Denial will not be your friend this summer, as troubling statistics continue to show just how quick and easily a child can drown.
"Usually the parent will say I just took my eyes off the child for a minute, and I went inside to take something off the stove or something and I came back and the child was drowned," said Cpl. Robert Green, with the Columbus Police Department and Safe Kids of Columbus.
Research from the Alabama Public Health Department shows that most young children who drown in pools were out of sight less than five minutes, and 88 percent were under some form of supervision.
Beyond keeping a close and constant eye on kids and adults who are poor swimmers, experts say you might want to check your drain as the end of school and official start of summer is just around the corner.
They also say it might be a good idea to keep a pair of emergency scissors by the pool.
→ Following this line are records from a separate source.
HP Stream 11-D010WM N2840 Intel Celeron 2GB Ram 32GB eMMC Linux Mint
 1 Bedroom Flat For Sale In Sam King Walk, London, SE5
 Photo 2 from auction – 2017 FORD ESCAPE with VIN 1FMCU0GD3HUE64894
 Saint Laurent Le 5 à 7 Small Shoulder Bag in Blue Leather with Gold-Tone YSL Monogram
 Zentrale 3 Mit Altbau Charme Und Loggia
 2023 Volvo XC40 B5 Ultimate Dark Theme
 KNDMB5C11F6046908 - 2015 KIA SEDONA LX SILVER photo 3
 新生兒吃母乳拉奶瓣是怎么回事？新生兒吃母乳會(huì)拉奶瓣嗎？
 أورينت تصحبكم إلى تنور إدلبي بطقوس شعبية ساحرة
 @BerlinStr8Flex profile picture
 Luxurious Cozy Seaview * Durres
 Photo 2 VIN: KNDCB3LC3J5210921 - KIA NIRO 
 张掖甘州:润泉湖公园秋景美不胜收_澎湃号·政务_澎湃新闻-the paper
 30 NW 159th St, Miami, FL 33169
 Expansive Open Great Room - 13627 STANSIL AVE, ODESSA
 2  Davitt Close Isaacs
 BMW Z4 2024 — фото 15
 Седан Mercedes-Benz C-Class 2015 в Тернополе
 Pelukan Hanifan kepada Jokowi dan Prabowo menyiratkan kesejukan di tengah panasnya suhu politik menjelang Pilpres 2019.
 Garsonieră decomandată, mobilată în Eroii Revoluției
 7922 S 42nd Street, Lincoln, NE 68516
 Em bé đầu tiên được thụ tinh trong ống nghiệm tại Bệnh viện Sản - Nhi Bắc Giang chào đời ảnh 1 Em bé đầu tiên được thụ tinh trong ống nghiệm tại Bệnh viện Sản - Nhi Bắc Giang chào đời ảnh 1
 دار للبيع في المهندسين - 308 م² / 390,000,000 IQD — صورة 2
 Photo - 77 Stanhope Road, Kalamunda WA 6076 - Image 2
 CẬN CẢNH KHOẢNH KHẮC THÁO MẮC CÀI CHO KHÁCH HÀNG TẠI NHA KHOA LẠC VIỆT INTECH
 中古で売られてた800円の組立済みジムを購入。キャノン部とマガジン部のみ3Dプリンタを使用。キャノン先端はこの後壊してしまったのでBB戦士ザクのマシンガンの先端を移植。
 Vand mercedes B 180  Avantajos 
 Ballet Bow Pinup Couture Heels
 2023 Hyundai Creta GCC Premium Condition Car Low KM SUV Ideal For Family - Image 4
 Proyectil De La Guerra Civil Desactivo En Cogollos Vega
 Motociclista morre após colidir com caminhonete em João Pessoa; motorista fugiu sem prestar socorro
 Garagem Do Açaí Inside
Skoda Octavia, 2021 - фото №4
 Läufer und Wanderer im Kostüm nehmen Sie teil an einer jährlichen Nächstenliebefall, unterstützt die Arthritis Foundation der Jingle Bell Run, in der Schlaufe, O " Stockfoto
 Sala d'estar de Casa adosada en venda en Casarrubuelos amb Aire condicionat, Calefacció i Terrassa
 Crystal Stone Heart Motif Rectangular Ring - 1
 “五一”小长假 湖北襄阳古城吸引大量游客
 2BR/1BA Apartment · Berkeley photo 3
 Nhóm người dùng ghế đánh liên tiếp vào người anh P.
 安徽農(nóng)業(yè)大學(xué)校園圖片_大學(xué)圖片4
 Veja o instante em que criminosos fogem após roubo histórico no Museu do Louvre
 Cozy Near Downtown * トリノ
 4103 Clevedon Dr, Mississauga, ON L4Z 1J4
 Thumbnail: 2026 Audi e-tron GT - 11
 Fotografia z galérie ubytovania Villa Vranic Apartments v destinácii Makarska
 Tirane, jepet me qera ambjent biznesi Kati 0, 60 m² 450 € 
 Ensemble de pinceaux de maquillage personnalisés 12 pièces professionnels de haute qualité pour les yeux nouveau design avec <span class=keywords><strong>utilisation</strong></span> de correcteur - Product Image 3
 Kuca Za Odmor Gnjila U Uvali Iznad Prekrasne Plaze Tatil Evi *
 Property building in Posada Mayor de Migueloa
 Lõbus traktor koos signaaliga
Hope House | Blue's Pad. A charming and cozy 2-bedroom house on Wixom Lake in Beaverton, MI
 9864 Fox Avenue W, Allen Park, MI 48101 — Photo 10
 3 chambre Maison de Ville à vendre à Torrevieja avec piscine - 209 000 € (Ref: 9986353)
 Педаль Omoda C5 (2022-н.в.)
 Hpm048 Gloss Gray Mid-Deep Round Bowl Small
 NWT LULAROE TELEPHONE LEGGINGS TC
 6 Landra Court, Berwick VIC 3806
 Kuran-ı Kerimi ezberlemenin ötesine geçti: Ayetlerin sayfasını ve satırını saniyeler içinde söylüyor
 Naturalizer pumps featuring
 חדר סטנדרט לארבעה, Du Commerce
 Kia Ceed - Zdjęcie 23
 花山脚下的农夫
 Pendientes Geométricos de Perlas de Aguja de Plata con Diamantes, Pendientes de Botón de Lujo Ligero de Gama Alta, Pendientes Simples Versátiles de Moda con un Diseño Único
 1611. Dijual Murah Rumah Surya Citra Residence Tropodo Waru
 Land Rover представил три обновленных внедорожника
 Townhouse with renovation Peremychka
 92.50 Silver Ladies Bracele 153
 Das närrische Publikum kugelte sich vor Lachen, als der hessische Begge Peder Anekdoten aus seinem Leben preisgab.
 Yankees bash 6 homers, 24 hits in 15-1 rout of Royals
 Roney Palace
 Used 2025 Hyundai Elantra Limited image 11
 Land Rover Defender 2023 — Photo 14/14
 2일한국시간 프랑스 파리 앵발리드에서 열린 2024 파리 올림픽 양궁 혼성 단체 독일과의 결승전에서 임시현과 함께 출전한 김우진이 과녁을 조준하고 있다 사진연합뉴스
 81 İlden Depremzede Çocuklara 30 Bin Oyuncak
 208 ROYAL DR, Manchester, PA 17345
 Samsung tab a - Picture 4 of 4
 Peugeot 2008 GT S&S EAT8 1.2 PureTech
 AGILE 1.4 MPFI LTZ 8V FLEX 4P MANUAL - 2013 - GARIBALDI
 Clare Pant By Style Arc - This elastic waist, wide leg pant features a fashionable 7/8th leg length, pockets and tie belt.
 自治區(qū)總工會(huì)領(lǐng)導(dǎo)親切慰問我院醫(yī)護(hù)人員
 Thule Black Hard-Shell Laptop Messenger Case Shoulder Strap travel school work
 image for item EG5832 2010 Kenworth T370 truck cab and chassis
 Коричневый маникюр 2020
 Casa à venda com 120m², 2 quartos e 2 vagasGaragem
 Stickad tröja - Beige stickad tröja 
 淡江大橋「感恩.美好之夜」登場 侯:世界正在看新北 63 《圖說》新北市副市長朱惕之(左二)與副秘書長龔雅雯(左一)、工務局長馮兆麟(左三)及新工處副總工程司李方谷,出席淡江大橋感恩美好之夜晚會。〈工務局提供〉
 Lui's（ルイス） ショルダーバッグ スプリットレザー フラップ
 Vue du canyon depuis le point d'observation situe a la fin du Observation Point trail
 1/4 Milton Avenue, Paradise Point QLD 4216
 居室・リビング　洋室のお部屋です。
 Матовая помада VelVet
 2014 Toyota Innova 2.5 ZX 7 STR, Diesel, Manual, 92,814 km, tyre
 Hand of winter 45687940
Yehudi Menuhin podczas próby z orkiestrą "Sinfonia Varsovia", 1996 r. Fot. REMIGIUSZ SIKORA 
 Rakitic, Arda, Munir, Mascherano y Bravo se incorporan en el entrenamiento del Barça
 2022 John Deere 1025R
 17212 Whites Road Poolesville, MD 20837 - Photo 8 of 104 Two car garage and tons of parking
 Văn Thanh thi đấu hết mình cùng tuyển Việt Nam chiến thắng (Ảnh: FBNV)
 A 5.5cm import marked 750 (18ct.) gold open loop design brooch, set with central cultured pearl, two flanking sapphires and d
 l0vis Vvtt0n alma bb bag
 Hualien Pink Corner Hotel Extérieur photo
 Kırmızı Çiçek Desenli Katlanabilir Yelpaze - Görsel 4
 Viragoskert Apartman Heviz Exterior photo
"Sometimes the children's clothes get caught in the drain, or their hair, and if you can keep them scissors close by, keep your eye on the scissors too, and that way you can cut the clothes off, or cut the hair off so they can get out of the drainage," said Green.
While Alabama officials say pools claim the most lives with 39 percent of drownings, open bodies of water come in a close second at 37 percent.
Last year our area saw several tragic drownings, including 15-year-old Tiquarius Myers who drowned in Lake Oliver at the end of May.
Officials in both Georgia and Alabama advocate water safety, like taking swimming lessons and using flotation devices in hopes of having a fun and safe 2016 summer.